Climate change has gone from being a point of discussion among scientists to headline news. An overwhelming body of expert opinion now agrees that the climate is changing more rapidly than we first thought, and that human activity is a major factor.
The facts speak for themselves. The ten warmest years on record have all been since 1990. Glaciers are melting, sea levels are rising, and the frequency of floods, droughts, landslides and windstorms is likely to increase.
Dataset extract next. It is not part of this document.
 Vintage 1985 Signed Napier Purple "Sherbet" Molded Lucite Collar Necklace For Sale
These changes are naturally affecting the insurance industry. Weather-related catastrophes are costing the insurance industry more than ever before. In 2005, the industry saw the worst year ever for property insurers, resulting in claims of $83bn, of which over 90% relates to natural catastrophes. Last month, leading economist and academic Sir Nicholas Stern published a report on climate change that predicted an economic cost of $7trn to the economy if major steps are not taken to curb carbon dioxide emissions now.
Lloyd's has published two reports on climate change, and hosted an event which brought together leading figures from insurance, business, government and science to debate the matter. So what has been learnt and what can insurers and the wider business world do to tackle the issue?
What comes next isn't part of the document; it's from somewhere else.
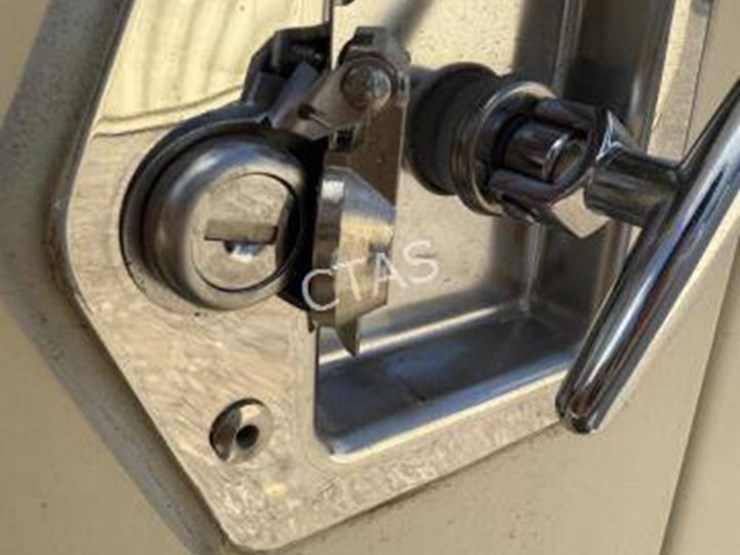 #135-•-11-ft-conex/-shipping-container---one-trip-image-9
Firstly, we need to update our risk management strategies to take account of climate change. Lloyd's requires all its managing agents to consider the impact of climate change on the level of capital they need to hold. We need to plan and prepare more carefully for future losses, rather than basing decisions on historical records, and watch carefully for “tipping points” which can lead to sudden changes in the risk environment.
Lloyd's is supporting the development of new technologies – the Lloyd's market provides about a third of insurance for waste to energy plants, and covers about a quarter of the world's wind farms – and investing in research to understand the impact of climate change on the industry. The market is also forming a series of partnerships with leading professional, academic and government experts to better understand the risks involved.
Climate change is of vast global importance. Many scientists believe that there may only be 15 years in which we can act to avoid the more extreme impacts. In any case, certain changes are unavoidable and will occur over the next 30 years. Insurers and businesses can play a vital role in adapting to these changes, but only by working together.